Regression Fit LSRL Fit Metrics
Slope = 53.57
Intercept = 4433.00
$R^2$ = 83.78%
Standard Error = 415.06
P Value of Slope = $1.93 \times 10^{-44}$
P Value of Intercept = $1.38 \times 10^{-24}$

Forecast
2016 Point Forecast = 8075.97 ft
95% Interval Assuming Normality = {7819.50 ft,8332.44 ft}

Logging

During the process and after the exploratory well is drilled, the extracted mud as well as contents of the well is scientifically tested on an ongoing basis for hydrocarbons and various properties of the surrounding geology. The cost driver for this operation is simplified to a price per meter drilled at a rate of $150 - $200 per meter (Bret-Rouzaut and Favennec 130). This is simulated below based on two uniform distributions, the depth based on the confidence interval, and the cost based on the price estimate discussed above.

def loggingCost():
	depth = np.random.uniform(wellDepthL,wellDepthH) # Didn't call forecastDepth() since the year isn't changing currently
	cost = np.random.uniform(150,200)
	return (cost*(depth*0.3048))/1000 # convert to meters, and stay in 1000s of dollars

Distribution with n= 10,000 Logging Cost Descriptive Statistics
mean = 430.62
max = 507.00
min = 358.00
var = 1331.10
std dev = 36.48

Simulating Exploration Cost

Now that a model for the cost drivers, probabilities, and some of the costs are established, a Monte Carlo simulation can be developed. The following model will be the basis of the trials $$ Cost_{Exploration} = Cost_{Pre-Discovery} + (Binary_{Dry\ Well} \times Cost_{Dry\ Well}) + (Drill\ Time \times Cost_{Daycost}) + Cost_{Logging} + (Binary_{Blowout} \times Cost_{Blowout})$$

Blowout Probability

Despite the safety advances in the industry, oilfield engineering and services remain as some of the most dangerous jobs in America. This is due to hazardous machinery, working conditions, and the chance of blowouts. The probability of a blowout must be included in the model as they do occur with some frequency. The Alberta Energy and Utilities Board provides the frequency of onshore drilling blowouts as $4.9 \times 10^{-4}$ per well drilled (“Blowout Frequencies.”). This includes both exploratory and development wells. As this is not a development well and there is no oil being extracted, the cost would be related to equipment damage and personal injury. Due to this, a uniform distribution from $1-$10 million was chosen. This number is low as the contracting out of the drilling limits the liability exposure of the oil producing firm.

def disaster():
	if np.random.random()*100000 <= 49:
		return True
	else:
		return False

Simulation Parameters

Due to the low probability of blowouts, 100,000 iterations are used. This should result in approximately 49 blowouts.

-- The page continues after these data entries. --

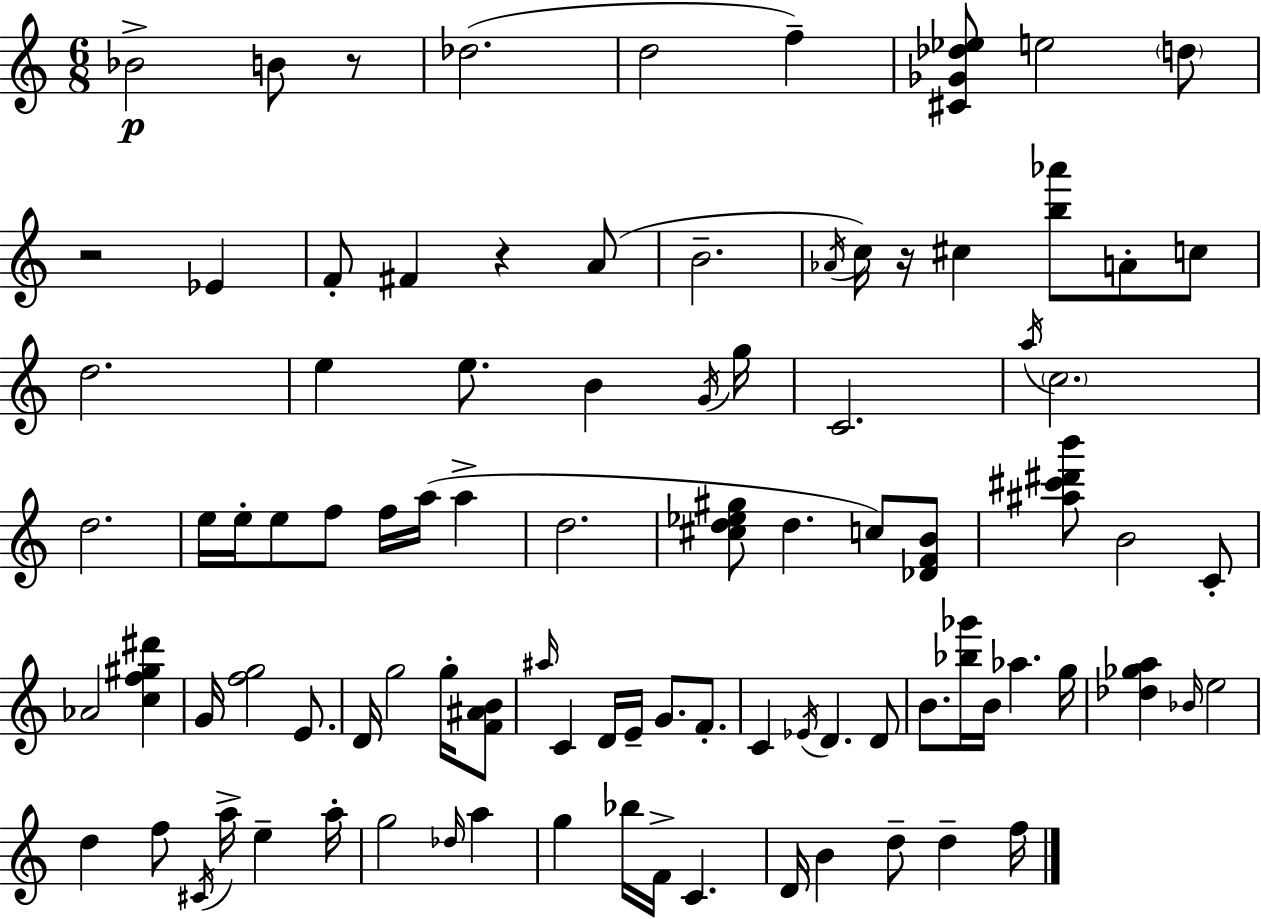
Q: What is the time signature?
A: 6/8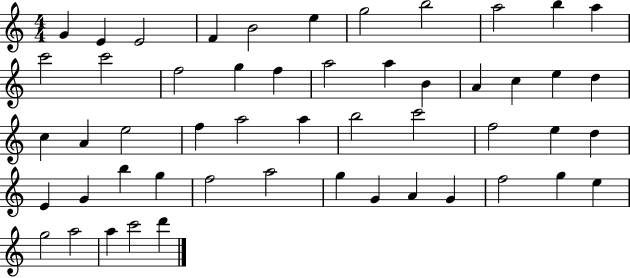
X:1
T:Untitled
M:4/4
L:1/4
K:C
G E E2 F B2 e g2 b2 a2 b a c'2 c'2 f2 g f a2 a B A c e d c A e2 f a2 a b2 c'2 f2 e d E G b g f2 a2 g G A G f2 g e g2 a2 a c'2 d'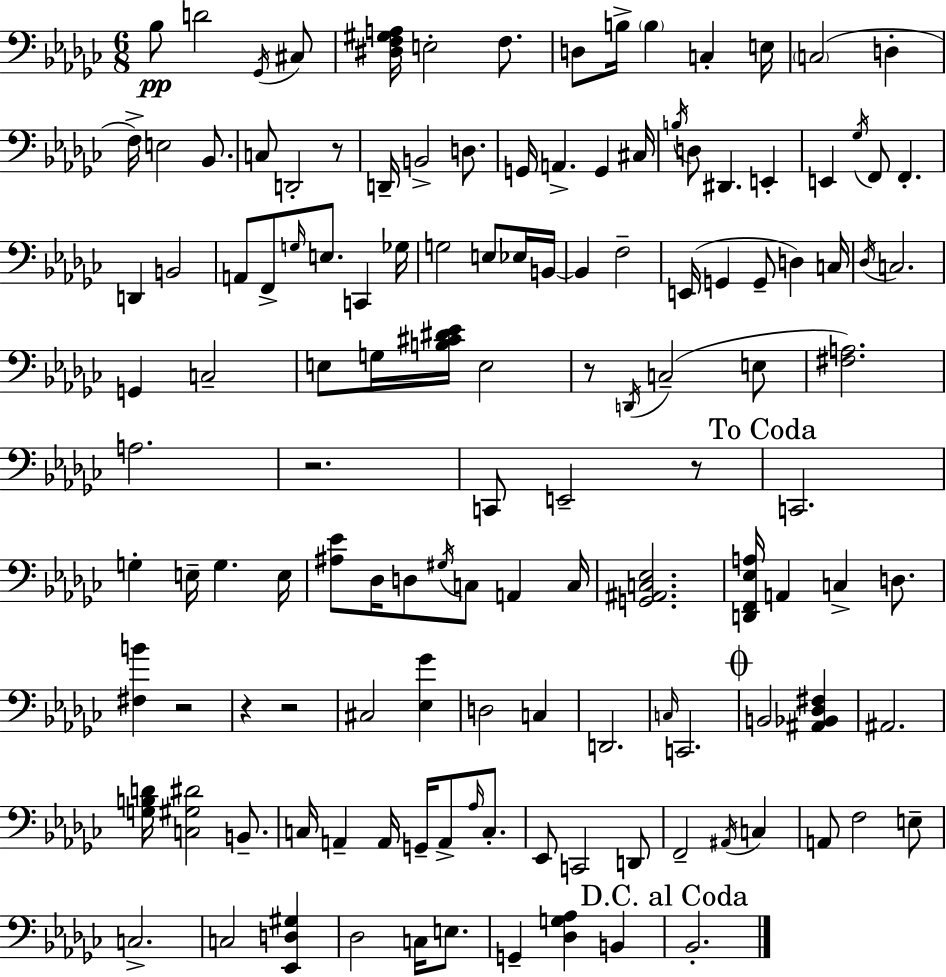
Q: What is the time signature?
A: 6/8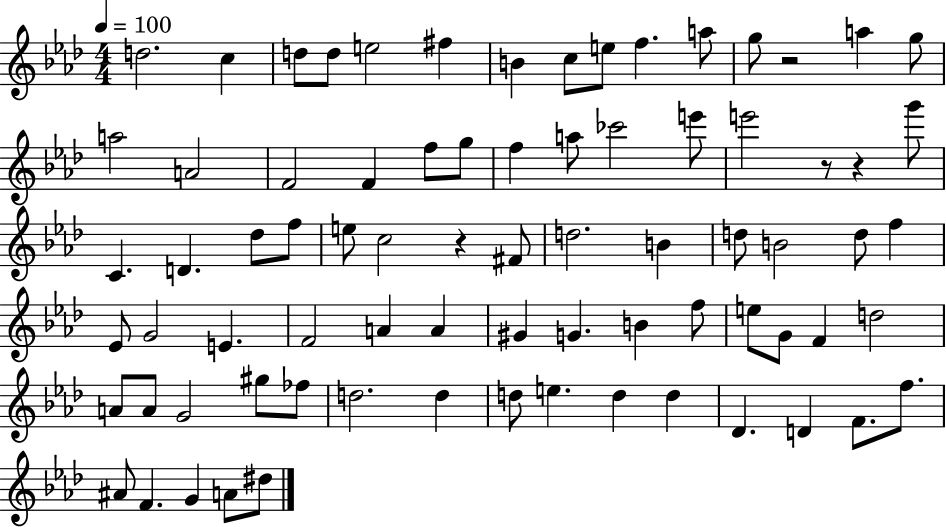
{
  \clef treble
  \numericTimeSignature
  \time 4/4
  \key aes \major
  \tempo 4 = 100
  d''2. c''4 | d''8 d''8 e''2 fis''4 | b'4 c''8 e''8 f''4. a''8 | g''8 r2 a''4 g''8 | \break a''2 a'2 | f'2 f'4 f''8 g''8 | f''4 a''8 ces'''2 e'''8 | e'''2 r8 r4 g'''8 | \break c'4. d'4. des''8 f''8 | e''8 c''2 r4 fis'8 | d''2. b'4 | d''8 b'2 d''8 f''4 | \break ees'8 g'2 e'4. | f'2 a'4 a'4 | gis'4 g'4. b'4 f''8 | e''8 g'8 f'4 d''2 | \break a'8 a'8 g'2 gis''8 fes''8 | d''2. d''4 | d''8 e''4. d''4 d''4 | des'4. d'4 f'8. f''8. | \break ais'8 f'4. g'4 a'8 dis''8 | \bar "|."
}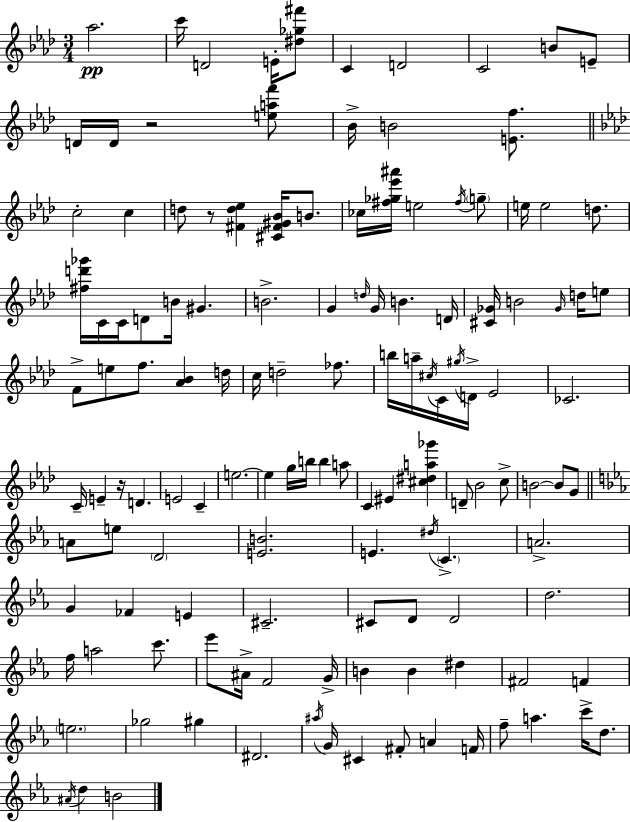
X:1
T:Untitled
M:3/4
L:1/4
K:Fm
_a2 c'/4 D2 E/4 [^d_g^f']/2 C D2 C2 B/2 E/2 D/4 D/4 z2 [eaf']/2 _B/4 B2 [Ef]/2 c2 c d/2 z/2 [^Fd_e] [^C^F^G_B]/4 B/2 _c/4 [^f_g_e'^a']/4 e2 ^f/4 g/2 e/4 e2 d/2 [^fd'_g']/4 C/4 C/4 D/2 B/4 ^G B2 G d/4 G/4 B D/4 [^C_G]/4 B2 _G/4 d/4 e/2 F/2 e/2 f/2 [_A_B] d/4 c/4 d2 _f/2 b/4 a/4 ^c/4 C/4 ^g/4 D/4 _E2 _C2 C/4 E z/4 D E2 C e2 e g/4 b/4 b a/2 C ^E [^c^da_g'] D/2 _B2 c/2 B2 B/2 G/2 A/2 e/2 D2 [EB]2 E ^d/4 C A2 G _F E ^C2 ^C/2 D/2 D2 d2 f/4 a2 c'/2 _e'/2 ^A/4 F2 G/4 B B ^d ^F2 F e2 _g2 ^g ^D2 ^a/4 G/4 ^C ^F/2 A F/4 f/2 a c'/4 d/2 ^A/4 d B2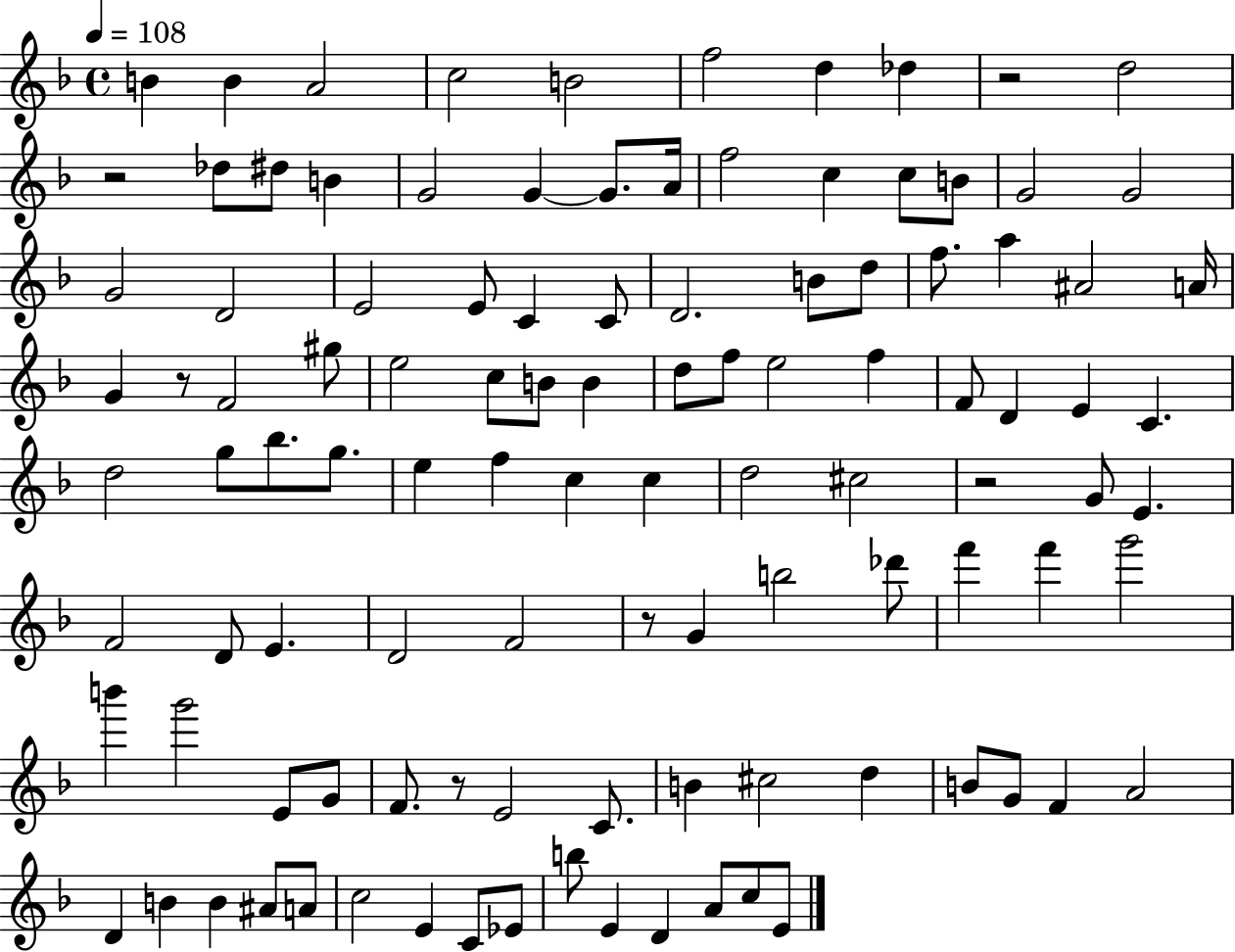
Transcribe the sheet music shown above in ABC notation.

X:1
T:Untitled
M:4/4
L:1/4
K:F
B B A2 c2 B2 f2 d _d z2 d2 z2 _d/2 ^d/2 B G2 G G/2 A/4 f2 c c/2 B/2 G2 G2 G2 D2 E2 E/2 C C/2 D2 B/2 d/2 f/2 a ^A2 A/4 G z/2 F2 ^g/2 e2 c/2 B/2 B d/2 f/2 e2 f F/2 D E C d2 g/2 _b/2 g/2 e f c c d2 ^c2 z2 G/2 E F2 D/2 E D2 F2 z/2 G b2 _d'/2 f' f' g'2 b' g'2 E/2 G/2 F/2 z/2 E2 C/2 B ^c2 d B/2 G/2 F A2 D B B ^A/2 A/2 c2 E C/2 _E/2 b/2 E D A/2 c/2 E/2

cExploration = [] # Cost of Exploration
cPreDiscover = [] # Pre-discovery costs
cDryWell = [] # Dry well cost
cDrill = [] # Drilling cost
cLogging = [] # Logging cost
cBlowout = [] # Blowout cost

numDryHole = 0 # Number of dry holes simulated
numBlowOut = 0 # Number of blowouts simulated
for i in range(100000): # 100,000 iterations
	drillTime = expDrillTime()
	dayCost = drillDaycost()
	cPreDiscover.append(preHydrocarbonExpense())
	blowout = disaster()
	blowoutExpense = np.random.uniform(1000,10000)
	if np.random.random() < dryWellProb():
		cDryWell.append(0)
		cDrill.append(drillTime*dayCost)
		cLogging.append(loggingCost())
	else:
		cDryWell.append(drillTime*dayCost*0.75)
		cDrill.append(0)
		cLogging.append(0)
		numDryHole += 1
	if blowout:
		cBlowout.append(blowoutExpense)
		numBlowOut += 1
	else:
		cBlowout.append(0)
	cExploration.append(cPreDiscover[i]+cDryWell[i]+cDrill[i]+cLogging[i]+cBlowout[i])

Results Imgur
Descriptive Statistics of Total Cost

min: 691.92
mean: 1988.20
max: 11747.77
std dev: 468.40
var: 219401.02

** Analysis**

90% of the Total Cost falls below $2,563,143, however the maximum value is nearly $12 million. This is due to the occurrence of blowouts that incur a significant cost. This risk could bankrupt the company if it is not managed during the exploratory drilling process. The right skewed nature of the total cost is a positive sign as the cost is more likely to fall in the fat left tail. Subtracting the total cost from the present value of production profits will give the total project value.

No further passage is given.